Bojan Z au Sunside (26 août 2008)

Le pianiste franco-serbe jouait en trio, cette formule qui lui va si bien, tout en verve et en mouvement, devant un public passionné, emporté par l’enthousiasme et le plaisir communicatifs des musiciens.


Mercredi soir, neuf heures : la file qui part de la caisse du Sunside déborde largement sur la rue. Deuxième soirée « sold out » : « Pianissimo » a du succès ! Après Yaron Herman, Laurent Courthaliac, ou encore Giovanni Mirabassi, c’est au tour de Bojan Zulfikarpasic de se produire, avec Thomas Bramerie à la contrebasse, et Martijn Vink à la batterie.

Je rentre la dernière, après force négociations, et je me retrouve coincée juste devant la porte, à côté des verres sales et des pompes à bière. Le concert a déjà commencé, on se tait. La musique me semble lointaine ; impossible de se frayer un passage ! J’entr’aperçois le contrebassiste, un grand blond, parfois le bout du nez du batteur, mais jamais le pianiste. Des bribes de son me parviennent doucement.
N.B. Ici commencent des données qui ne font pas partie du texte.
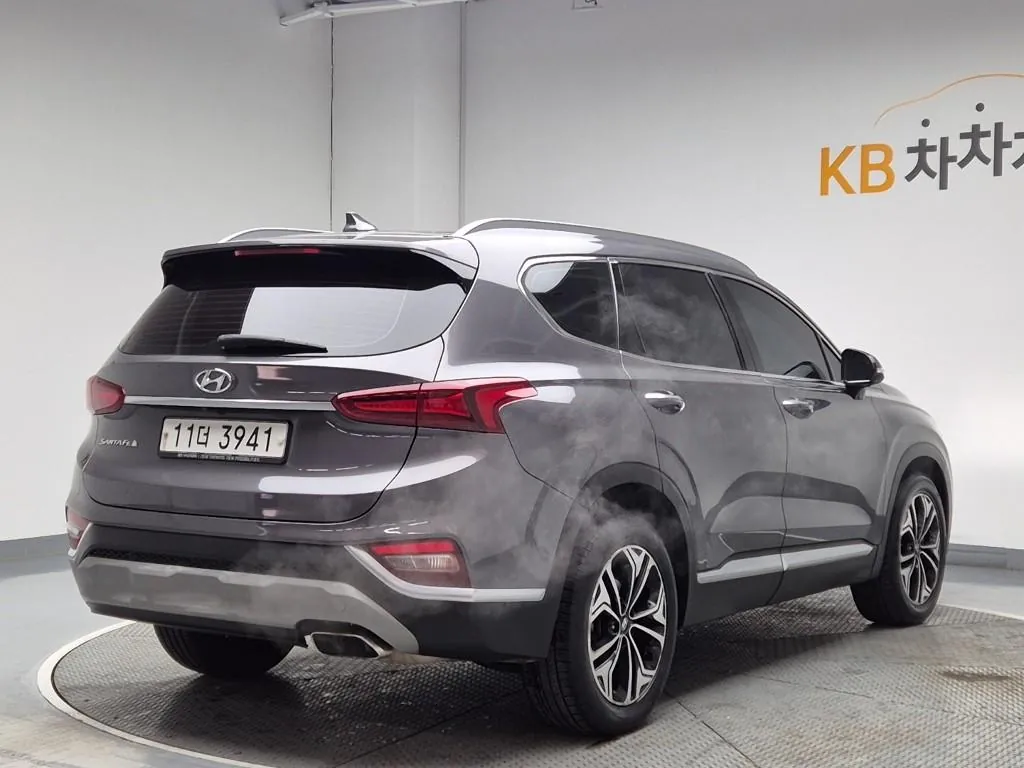 Hyundai Santa Fe 2020 photo 3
Bojan Zulfikarpasic © Patrick Audoux/Vues sur Scènes

Des compositions que je ne connais pas - ou que je ne reconnais - pas s’enchaînent ; les têtes dodelinent et les pieds tapotent le sol discrètement. Piano, basse, batterie : la formule indémodable fonctionne bien entre les musiciens. Bojan Z s’adapte parfaitement tout en conservant son originalité. En trio ou en plus grande formation, il mêle toujours écoute de l’autre et expression personnelle avec brio. Cependant, je suis franchement déconcertée, entre les bruits du lave-vaisselle et ceux du punch qui coule dans les verres, par cet instrument étrange qui sonne tantôt comme une guitare électrique tantôt comme un synthé ! Pourtant j’aperçois bien la queue du piano, et personne autour de moi n’a l’air surpris ! Il s’agit, on me l’apprend un peu plus tard, du « xénophone », construit par Bojan lui-même, un Fender Rhodes trafiqué. Littéralement, « xénophone » signifie « voix de l’étranger » : voix curieuse, déconcertante, déroutante ?! Moi qui m’étais arrêtée à Transpacifik, je découvre un nouvel univers !
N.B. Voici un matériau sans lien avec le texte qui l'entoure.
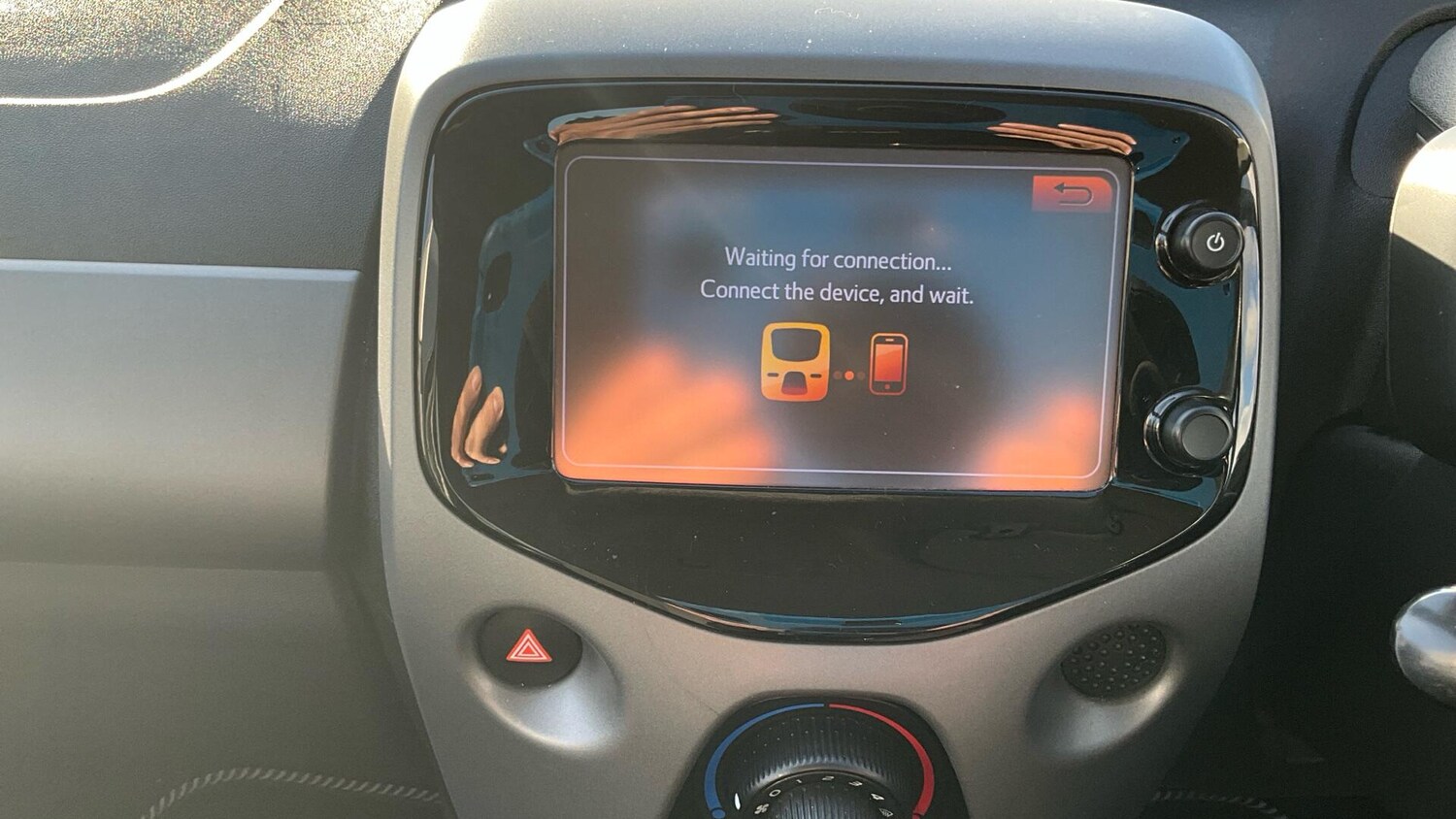 Used Toyota AYGO 2019 for sale - 76041960: Photo 51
Le dernier morceau du premier set porte le nom de « la plus grande qualité de l’homme », annonce Bojan avec un léger accent : « l’avidité, ou greed ». Quelques rires fusent. Avide ? Ce morceau l’est sans aucun doute ! Avide de notes, de variations, de montées, d’éclaircies, de suspense ! Le xénophone donne des allures rock surréalistes au morceau, grâce à ce son inidentifiable, étranger, curieux, qui disparaît au moment où on ne s’y attend plus et réapparaît toujours au bon endroit. Ici, c’est un solo de guitare électrique enfiévré qui sonne à mes oreilles, et là, un synthé !
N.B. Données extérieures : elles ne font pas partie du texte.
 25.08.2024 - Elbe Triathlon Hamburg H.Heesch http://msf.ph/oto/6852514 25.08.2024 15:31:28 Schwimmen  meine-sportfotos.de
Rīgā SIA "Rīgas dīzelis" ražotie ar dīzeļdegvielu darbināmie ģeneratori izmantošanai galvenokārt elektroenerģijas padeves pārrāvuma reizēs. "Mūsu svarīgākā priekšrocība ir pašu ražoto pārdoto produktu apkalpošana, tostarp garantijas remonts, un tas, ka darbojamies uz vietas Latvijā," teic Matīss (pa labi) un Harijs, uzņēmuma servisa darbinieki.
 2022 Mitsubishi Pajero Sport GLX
Après l’entracte, beaucoup de gens ont déserté et l’ambiance est au plus calme au fond de la salle ; le public reste suspendu aux doigts des musiciens, écoute attentivement les fréquents solos de Thomas Bramerie, tout en puissance et en mesure, et n’oublie pas le batteur Martijn Vink, discret mais présent. Le premier morceau contraste avec l’entrain précédent par sa douceur et sa volupté ; l’ambiance se fait plus intime. Cette balade est suivi de pièces « xénophoniques », puis de ce que j’appellerai un « intermède », qui restera dans ma mémoire le moment fort de la soirée.

Martijn Vink © Patrick Audoux/Vues sur Scènes

Une sorte de magie s’empare de l’assistance aux premières notes d’une nouvelle ballade, magnifique ; l’air se charge d’une grande émotion. La mélodie me parvient de loin, comme à travers le prisme d’une belle mélancolie inconnue, créée par quelques touches à peine, une musique tout en retenue, délicate et fine. Suit un silence total. Dix longues et immenses secondes avant les premiers applaudissements ! La preuve que l’écoute était d’une qualité inhabituelle.

Bojan Z termine le concert par une ultime composition qui nous tire de notre état second : entraînante, joyeuse… Tout le monde en sort revigoré et en même temps ému - ému par le souvenir d’un moment d’osmose, d’autant plus précieux qu’il était éphémère.